### ACTIVITY:
Start at the line with "安いホテルに宿泊するデメリット3つ" in the records below, stop at the line with "400W Profesyonel Güneş", and return every line in that span exactly, the two end lines included.

### SOURCE INFORMATION:
============================================================
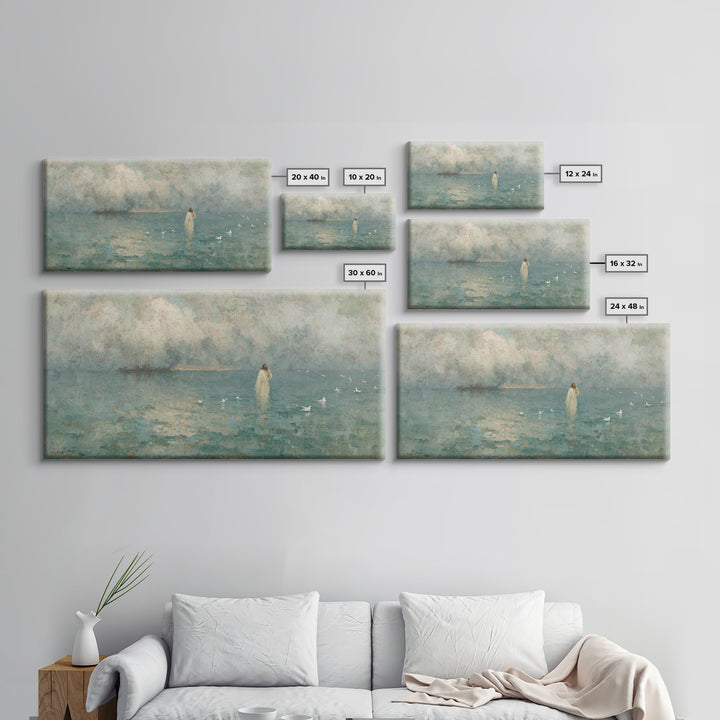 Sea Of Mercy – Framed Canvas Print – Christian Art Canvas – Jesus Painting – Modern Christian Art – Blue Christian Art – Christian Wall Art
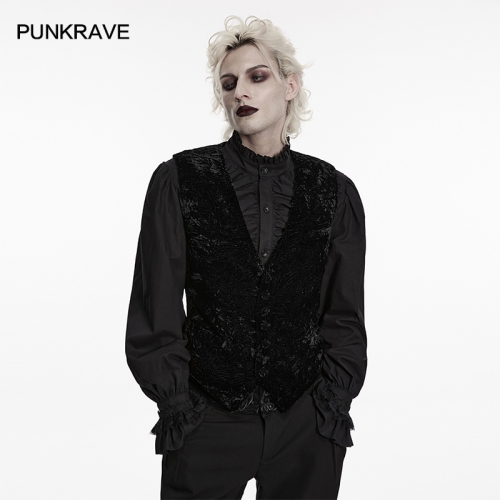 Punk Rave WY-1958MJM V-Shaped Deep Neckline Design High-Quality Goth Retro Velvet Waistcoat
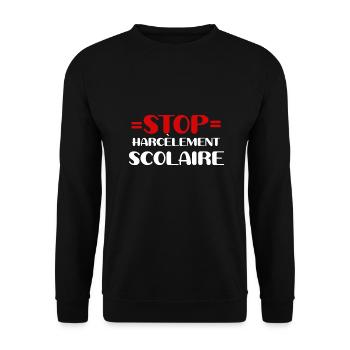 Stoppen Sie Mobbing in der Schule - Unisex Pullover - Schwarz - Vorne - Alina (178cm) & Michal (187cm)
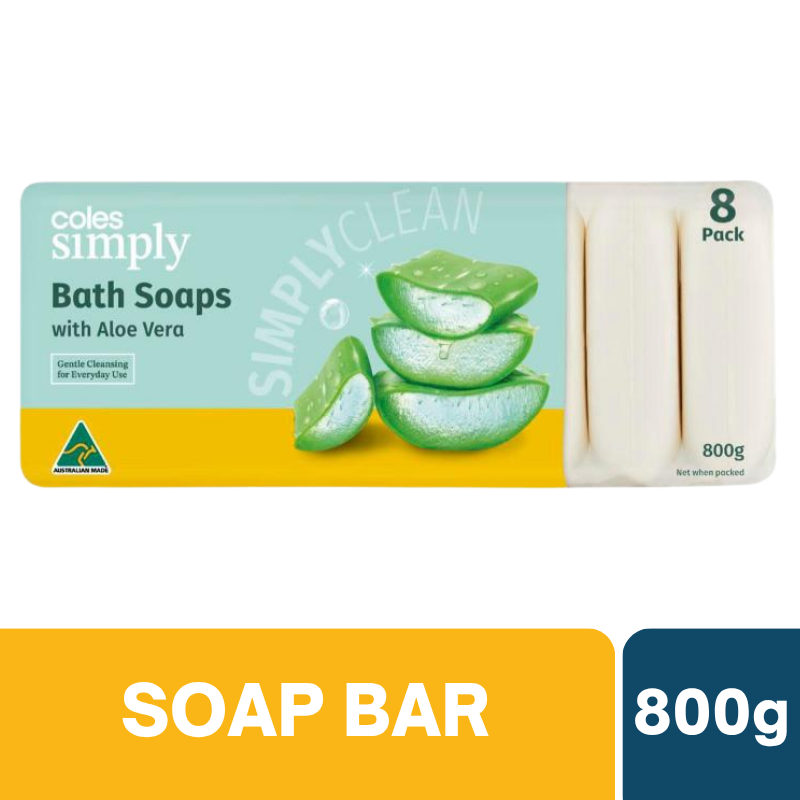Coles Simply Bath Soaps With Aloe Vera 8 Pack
============================================================
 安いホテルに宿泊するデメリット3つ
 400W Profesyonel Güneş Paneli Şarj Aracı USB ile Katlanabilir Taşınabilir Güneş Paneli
============================================================
### SOLUTION FOR THIS PROBLEM:
 安いホテルに宿泊するデメリット3つ
 400W Profesyonel Güneş Paneli Şarj Aracı USB ile Katlanabilir Taşınabilir Güneş Paneli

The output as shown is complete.